Mr. L. MARTIN withdrew his motion.
Mr. SHERMAN moved to amend the clause giving the Executive the command of the militia, so as to read: “and of the militia of the several states, when called into the actual service of the United States;” and on the question, —
New Hampshire, Connecticut, Pennsylvania, Maryland, Virginia, Georgia, aye, — 6; Delaware, South Carolina, no, — 2; Massachusetts, New Jersey, North Carolina, absent.
The clause for removing the President, on impeachment by the House of Representatives, and conviction in the Supreme Court of treason, bribery, or corruption, was postponed, nem. con., at the instance of Mr. GOUVERNEUR MORRIS; who thought the tribunal an improper one, particularly, if the first Judge was to be of the Privy Council.
Mr.

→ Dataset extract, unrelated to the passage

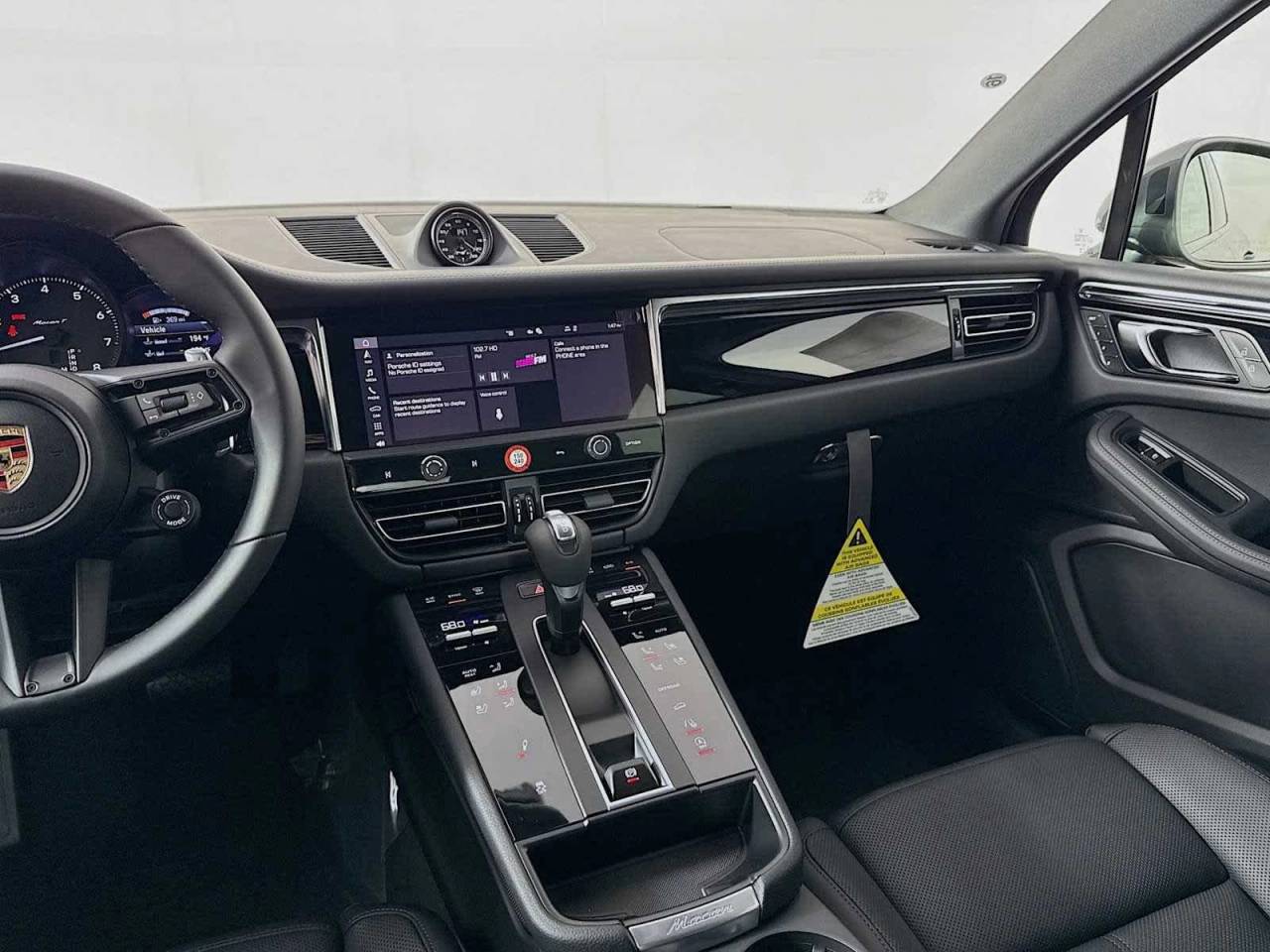 2025 Porsche Macan AWD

GOUVERNEUR MORRIS objected also to the President of the Senate being provisional successor to the President, and suggested a designation of the Chief Justice.
Mr. MADISON adds, as a ground of objection, that the Senate might retard the appointment of a President, in order to carry points, whilst the revisionary power was in the President of their own body; but suggested that the executive powers during a vacancy be administered by the persons composing the Council to the President.
Mr. WILLIAMSON suggested, that the Legislature ought to have power to provide for occasional successors: and moved that the last clause of Article 10, Sect. 2, relating to a provisional successor to the President, be postponed.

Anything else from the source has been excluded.